[[ Task material open ]]

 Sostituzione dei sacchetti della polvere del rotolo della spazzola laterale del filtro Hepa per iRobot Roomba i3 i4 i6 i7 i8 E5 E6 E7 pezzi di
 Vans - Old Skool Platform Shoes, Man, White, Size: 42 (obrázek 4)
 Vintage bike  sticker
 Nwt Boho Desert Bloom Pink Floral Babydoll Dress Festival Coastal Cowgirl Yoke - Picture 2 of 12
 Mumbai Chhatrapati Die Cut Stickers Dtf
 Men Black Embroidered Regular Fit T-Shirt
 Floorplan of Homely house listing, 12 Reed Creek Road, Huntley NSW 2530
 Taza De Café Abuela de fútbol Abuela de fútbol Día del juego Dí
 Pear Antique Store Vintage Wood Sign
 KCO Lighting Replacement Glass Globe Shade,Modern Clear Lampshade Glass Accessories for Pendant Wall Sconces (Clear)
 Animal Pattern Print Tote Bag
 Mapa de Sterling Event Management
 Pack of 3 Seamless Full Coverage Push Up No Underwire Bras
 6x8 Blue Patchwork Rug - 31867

[[ Task material closed ]]

Exercise:
Find the word "Vintage" in the data and copy out each line where it turns up.

Reply:
 Vintage bike  sticker
 Pear Antique Store Vintage Wood Sign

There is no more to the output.